-- WORK TASK --
Pictures should be left out when the listing below is repeated word for word.

-- TASK INPUTS --
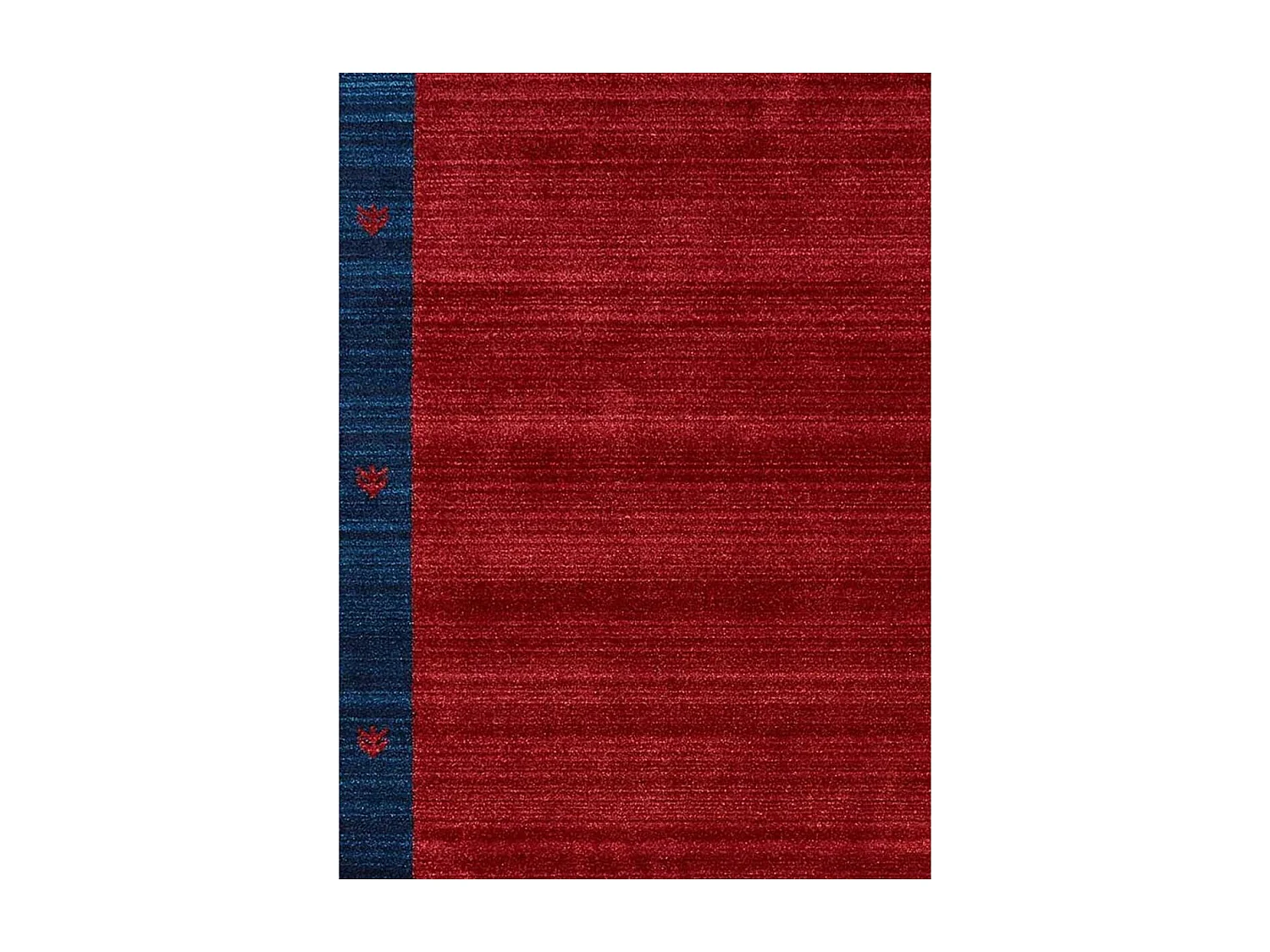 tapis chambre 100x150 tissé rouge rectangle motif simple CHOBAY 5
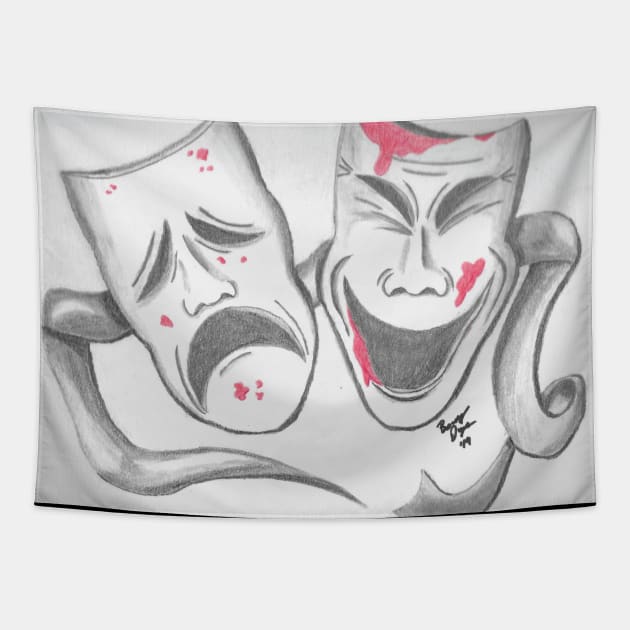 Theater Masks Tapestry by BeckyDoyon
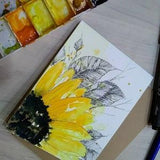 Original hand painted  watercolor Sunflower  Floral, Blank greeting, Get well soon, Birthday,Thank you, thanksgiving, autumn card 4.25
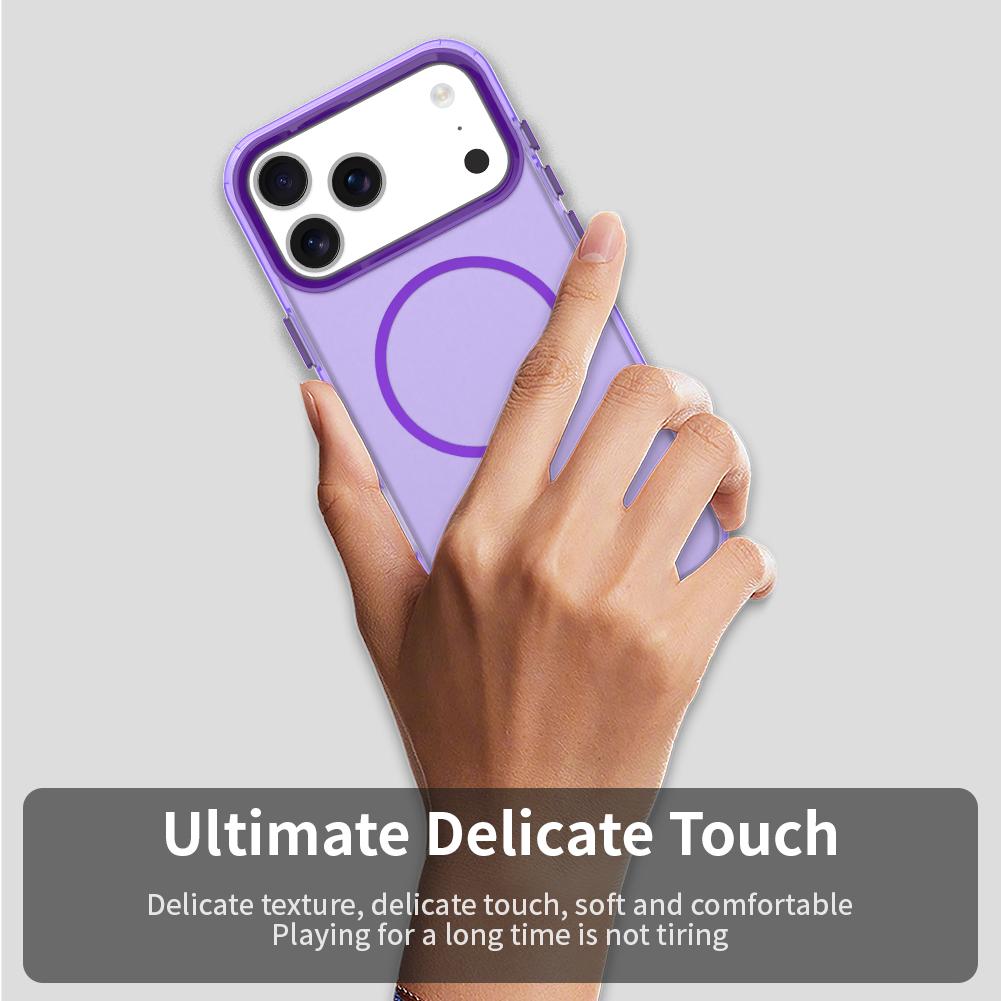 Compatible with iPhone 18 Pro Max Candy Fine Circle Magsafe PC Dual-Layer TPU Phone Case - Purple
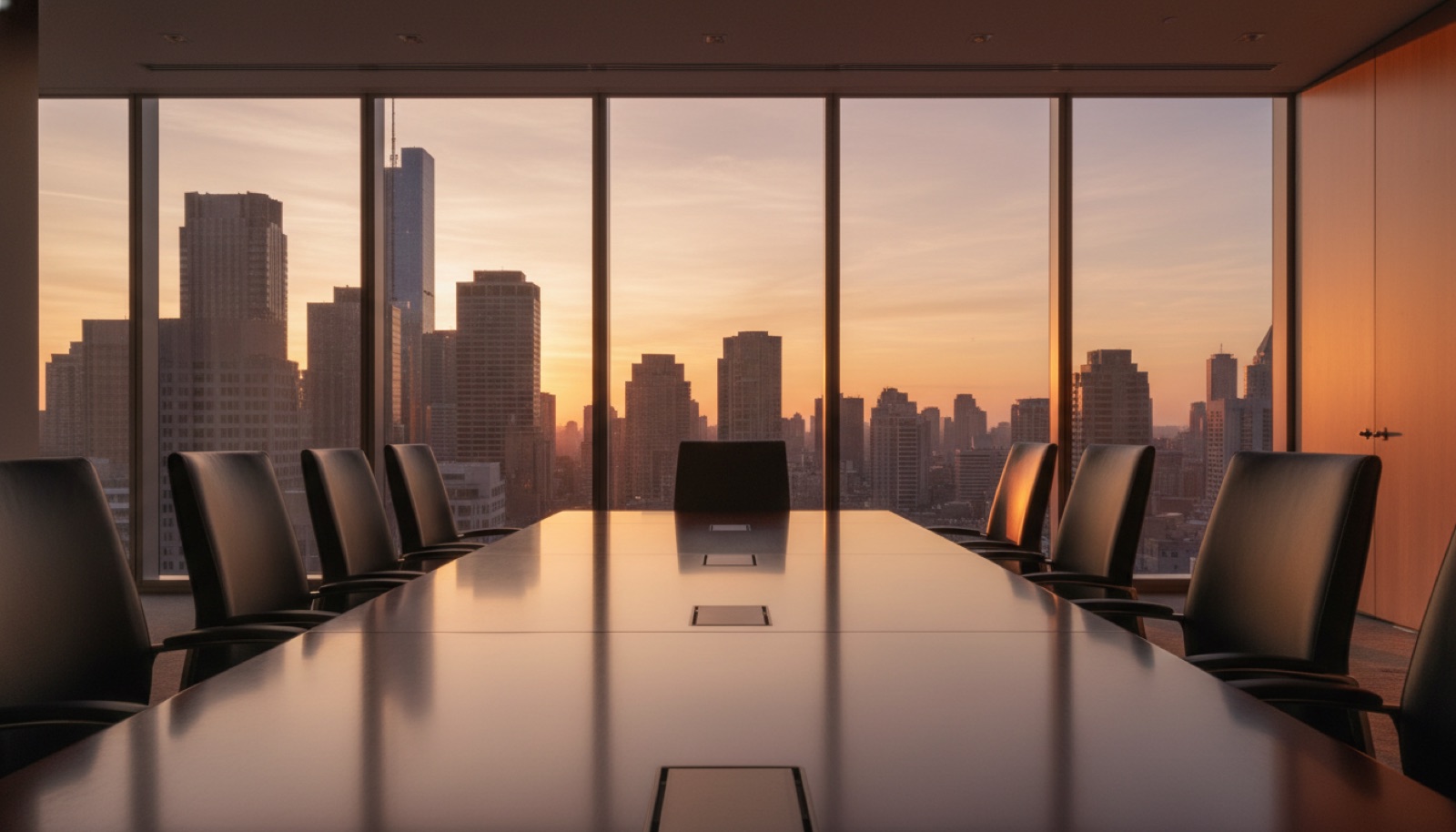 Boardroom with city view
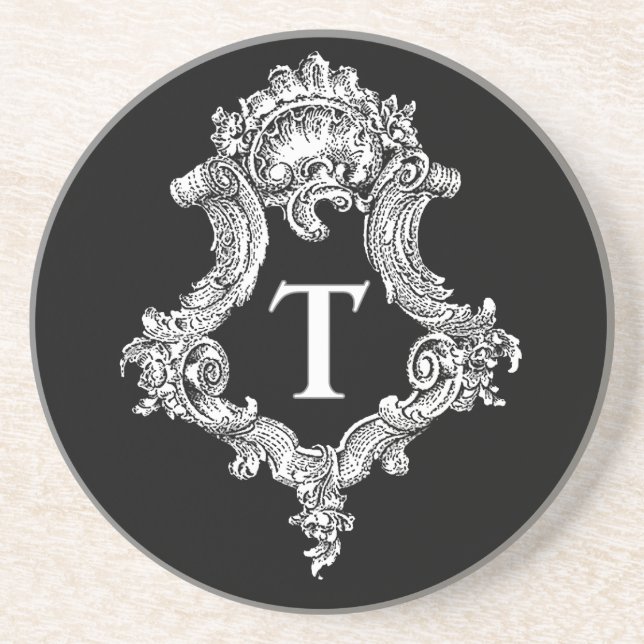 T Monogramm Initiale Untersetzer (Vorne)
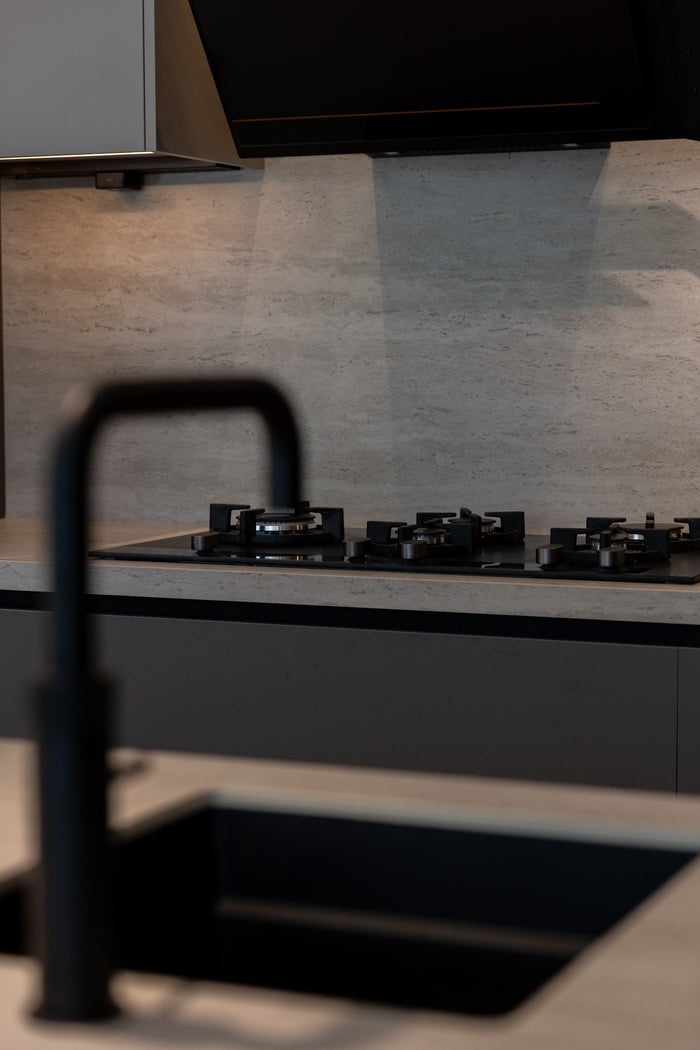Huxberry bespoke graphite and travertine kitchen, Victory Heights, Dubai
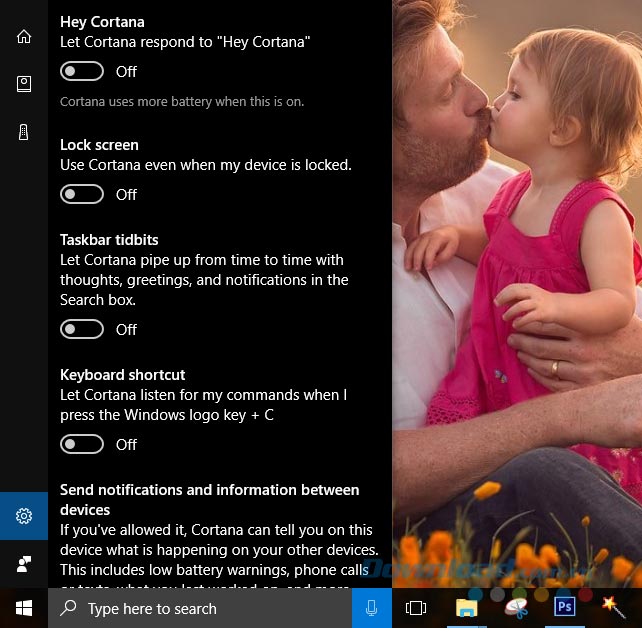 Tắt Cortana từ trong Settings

-- WORKED SOLUTION --
 tapis chambre 100x150 tissé rouge rectangle motif simple CHOBAY 5
 Theater Masks Tapestry by BeckyDoyon
 Original hand painted  watercolor Sunflower  Floral, Blank greeting, Get well soon, Birthday,Thank you, thanksgiving, autumn card 4.25
 Compatible with iPhone 18 Pro Max Candy Fine Circle Magsafe PC Dual-Layer TPU Phone Case - Purple
 Boardroom with city view
 T Monogramm Initiale Untersetzer (Vorne)
Huxberry bespoke graphite and travertine kitchen, Victory Heights, Dubai
 Tắt Cortana từ trong Settings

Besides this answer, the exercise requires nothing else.